[Saved entries]
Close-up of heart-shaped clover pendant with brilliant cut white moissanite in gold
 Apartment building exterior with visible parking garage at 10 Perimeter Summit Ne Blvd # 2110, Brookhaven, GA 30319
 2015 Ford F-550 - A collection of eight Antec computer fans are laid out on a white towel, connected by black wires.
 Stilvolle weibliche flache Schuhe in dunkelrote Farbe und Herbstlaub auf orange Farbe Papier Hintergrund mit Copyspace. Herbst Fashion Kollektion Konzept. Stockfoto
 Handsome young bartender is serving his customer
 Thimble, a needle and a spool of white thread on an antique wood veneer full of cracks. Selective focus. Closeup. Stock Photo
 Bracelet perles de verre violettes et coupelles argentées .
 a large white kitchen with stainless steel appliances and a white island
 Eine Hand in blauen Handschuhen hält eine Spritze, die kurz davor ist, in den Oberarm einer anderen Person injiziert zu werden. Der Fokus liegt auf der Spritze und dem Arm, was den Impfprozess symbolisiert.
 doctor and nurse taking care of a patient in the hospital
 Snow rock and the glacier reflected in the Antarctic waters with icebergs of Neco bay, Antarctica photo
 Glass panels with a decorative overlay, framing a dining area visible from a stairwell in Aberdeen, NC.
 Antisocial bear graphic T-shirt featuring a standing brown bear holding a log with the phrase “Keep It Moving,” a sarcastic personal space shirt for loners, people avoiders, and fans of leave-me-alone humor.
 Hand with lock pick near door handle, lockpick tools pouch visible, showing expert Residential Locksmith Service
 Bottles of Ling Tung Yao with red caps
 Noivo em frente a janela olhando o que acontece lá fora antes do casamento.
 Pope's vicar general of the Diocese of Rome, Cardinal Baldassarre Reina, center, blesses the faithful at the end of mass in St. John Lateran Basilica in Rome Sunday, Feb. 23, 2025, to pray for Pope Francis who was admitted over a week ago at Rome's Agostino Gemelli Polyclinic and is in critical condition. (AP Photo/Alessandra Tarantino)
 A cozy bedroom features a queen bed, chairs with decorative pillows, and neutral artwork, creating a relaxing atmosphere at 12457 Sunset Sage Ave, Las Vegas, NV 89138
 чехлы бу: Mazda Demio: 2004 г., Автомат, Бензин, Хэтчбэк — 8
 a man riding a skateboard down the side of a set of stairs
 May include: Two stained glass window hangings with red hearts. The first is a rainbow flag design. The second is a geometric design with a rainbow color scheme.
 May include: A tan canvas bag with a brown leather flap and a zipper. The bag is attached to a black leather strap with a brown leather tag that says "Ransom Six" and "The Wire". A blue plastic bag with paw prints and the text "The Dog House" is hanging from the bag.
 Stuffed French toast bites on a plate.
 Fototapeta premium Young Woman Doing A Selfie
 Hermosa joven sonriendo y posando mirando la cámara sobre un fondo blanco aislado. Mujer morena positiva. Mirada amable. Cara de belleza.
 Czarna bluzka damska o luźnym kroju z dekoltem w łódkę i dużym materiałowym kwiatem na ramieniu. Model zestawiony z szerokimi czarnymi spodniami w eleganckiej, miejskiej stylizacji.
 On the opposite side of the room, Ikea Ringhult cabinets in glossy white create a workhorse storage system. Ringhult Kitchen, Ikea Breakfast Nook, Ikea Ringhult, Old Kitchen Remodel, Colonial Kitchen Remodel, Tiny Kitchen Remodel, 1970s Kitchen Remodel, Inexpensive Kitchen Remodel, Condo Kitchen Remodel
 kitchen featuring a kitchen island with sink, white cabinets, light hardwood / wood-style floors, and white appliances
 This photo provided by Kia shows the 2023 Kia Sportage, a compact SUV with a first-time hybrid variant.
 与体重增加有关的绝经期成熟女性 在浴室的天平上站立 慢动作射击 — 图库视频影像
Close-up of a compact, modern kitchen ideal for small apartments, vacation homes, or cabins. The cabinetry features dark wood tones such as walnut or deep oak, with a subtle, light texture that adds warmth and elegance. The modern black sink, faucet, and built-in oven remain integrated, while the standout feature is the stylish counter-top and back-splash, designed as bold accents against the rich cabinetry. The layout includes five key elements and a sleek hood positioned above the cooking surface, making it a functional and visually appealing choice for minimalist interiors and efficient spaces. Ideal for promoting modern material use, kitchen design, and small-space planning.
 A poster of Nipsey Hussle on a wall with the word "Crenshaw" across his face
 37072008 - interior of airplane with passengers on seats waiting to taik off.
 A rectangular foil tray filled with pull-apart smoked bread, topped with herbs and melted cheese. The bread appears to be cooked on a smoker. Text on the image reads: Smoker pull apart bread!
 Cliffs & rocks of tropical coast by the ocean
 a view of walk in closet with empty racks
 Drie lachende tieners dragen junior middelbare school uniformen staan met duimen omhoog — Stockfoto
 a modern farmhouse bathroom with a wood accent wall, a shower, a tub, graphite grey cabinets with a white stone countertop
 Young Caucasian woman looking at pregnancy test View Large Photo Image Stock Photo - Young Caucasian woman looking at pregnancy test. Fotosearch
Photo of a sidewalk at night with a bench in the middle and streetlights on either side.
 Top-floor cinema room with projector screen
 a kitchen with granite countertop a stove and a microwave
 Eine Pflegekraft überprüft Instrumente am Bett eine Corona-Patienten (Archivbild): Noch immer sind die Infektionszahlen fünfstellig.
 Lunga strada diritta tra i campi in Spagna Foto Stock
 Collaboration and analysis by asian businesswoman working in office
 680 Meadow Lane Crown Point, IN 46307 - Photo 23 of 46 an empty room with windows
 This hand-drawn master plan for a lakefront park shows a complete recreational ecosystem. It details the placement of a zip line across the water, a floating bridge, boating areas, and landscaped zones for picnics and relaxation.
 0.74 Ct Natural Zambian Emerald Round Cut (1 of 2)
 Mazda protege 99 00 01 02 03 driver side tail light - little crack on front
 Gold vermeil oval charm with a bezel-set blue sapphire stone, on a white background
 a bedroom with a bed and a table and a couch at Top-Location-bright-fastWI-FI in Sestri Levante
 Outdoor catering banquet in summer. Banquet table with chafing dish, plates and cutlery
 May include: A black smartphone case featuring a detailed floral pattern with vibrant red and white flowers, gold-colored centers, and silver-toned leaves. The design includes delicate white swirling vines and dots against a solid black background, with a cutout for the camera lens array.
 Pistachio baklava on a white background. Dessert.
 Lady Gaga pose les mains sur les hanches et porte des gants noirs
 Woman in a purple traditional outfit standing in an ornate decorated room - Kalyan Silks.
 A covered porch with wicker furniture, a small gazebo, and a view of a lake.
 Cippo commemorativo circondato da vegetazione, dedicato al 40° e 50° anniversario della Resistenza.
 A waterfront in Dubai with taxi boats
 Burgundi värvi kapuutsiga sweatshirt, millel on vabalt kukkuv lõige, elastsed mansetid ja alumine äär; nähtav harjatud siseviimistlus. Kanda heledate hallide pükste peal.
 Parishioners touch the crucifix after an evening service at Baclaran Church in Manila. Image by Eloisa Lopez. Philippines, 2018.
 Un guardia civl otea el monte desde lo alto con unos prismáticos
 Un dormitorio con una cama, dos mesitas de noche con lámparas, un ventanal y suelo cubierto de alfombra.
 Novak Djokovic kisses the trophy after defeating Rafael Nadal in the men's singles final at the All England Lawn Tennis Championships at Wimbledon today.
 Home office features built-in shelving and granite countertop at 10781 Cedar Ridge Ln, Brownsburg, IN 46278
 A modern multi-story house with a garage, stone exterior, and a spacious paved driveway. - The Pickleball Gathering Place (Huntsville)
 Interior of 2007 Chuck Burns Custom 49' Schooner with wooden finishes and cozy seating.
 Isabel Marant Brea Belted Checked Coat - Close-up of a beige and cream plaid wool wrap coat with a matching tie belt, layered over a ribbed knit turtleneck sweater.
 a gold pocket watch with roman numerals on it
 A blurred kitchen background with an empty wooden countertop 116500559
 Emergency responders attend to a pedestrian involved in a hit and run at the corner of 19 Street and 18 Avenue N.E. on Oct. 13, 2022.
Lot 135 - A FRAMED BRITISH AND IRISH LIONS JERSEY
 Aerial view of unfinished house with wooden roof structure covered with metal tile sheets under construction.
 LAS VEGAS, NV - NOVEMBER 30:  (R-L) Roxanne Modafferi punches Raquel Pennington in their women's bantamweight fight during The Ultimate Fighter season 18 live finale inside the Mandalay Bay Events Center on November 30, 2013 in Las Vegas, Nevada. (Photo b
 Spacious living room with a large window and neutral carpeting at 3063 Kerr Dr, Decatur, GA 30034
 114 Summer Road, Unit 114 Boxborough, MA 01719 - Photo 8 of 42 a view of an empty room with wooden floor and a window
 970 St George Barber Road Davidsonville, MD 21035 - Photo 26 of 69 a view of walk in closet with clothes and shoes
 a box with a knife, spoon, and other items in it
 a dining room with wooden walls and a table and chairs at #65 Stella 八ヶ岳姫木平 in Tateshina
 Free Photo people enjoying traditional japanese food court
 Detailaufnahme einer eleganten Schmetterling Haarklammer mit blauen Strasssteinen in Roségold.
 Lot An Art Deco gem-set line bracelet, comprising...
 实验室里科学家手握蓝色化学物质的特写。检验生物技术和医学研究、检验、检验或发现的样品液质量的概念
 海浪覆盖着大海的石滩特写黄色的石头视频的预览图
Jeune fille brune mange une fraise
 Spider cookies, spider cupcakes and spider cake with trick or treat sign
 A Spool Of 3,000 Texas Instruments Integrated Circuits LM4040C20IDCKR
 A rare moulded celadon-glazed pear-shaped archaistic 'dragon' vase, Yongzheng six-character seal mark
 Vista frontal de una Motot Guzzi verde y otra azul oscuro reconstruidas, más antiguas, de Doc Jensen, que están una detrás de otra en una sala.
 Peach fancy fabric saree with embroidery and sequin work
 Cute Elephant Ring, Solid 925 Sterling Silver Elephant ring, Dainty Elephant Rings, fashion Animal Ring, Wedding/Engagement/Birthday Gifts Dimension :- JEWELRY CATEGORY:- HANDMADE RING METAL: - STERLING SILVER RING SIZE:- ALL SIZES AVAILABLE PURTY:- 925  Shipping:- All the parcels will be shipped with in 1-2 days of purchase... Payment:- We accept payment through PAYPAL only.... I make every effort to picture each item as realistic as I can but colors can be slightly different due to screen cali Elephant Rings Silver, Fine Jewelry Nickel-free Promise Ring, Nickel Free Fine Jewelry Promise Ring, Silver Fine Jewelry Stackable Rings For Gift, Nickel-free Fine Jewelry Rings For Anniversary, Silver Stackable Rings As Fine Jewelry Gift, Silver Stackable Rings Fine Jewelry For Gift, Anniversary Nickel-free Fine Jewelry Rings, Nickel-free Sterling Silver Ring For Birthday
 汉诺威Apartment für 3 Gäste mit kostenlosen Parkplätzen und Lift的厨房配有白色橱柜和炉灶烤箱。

■ Aim of the exercise
Above are the records; from them, give again exactly the lines from the one containing "чехлы бу: Mazda" to the one containing "On the opposite", both lines included, and nothing more.

■ Your solution
 чехлы бу: Mazda Demio: 2004 г., Автомат, Бензин, Хэтчбэк — 8
 a man riding a skateboard down the side of a set of stairs
 May include: Two stained glass window hangings with red hearts. The first is a rainbow flag design. The second is a geometric design with a rainbow color scheme.
 May include: A tan canvas bag with a brown leather flap and a zipper. The bag is attached to a black leather strap with a brown leather tag that says "Ransom Six" and "The Wire". A blue plastic bag with paw prints and the text "The Dog House" is hanging from the bag.
 Stuffed French toast bites on a plate.
 Fototapeta premium Young Woman Doing A Selfie
 Hermosa joven sonriendo y posando mirando la cámara sobre un fondo blanco aislado. Mujer morena positiva. Mirada amable. Cara de belleza.
 Czarna bluzka damska o luźnym kroju z dekoltem w łódkę i dużym materiałowym kwiatem na ramieniu. Model zestawiony z szerokimi czarnymi spodniami w eleganckiej, miejskiej stylizacji.
 On the opposite side of the room, Ikea Ringhult cabinets in glossy white create a workhorse storage system. Ringhult Kitchen, Ikea Breakfast Nook, Ikea Ringhult, Old Kitchen Remodel, Colonial Kitchen Remodel, Tiny Kitchen Remodel, 1970s Kitchen Remodel, Inexpensive Kitchen Remodel, Condo Kitchen Remodel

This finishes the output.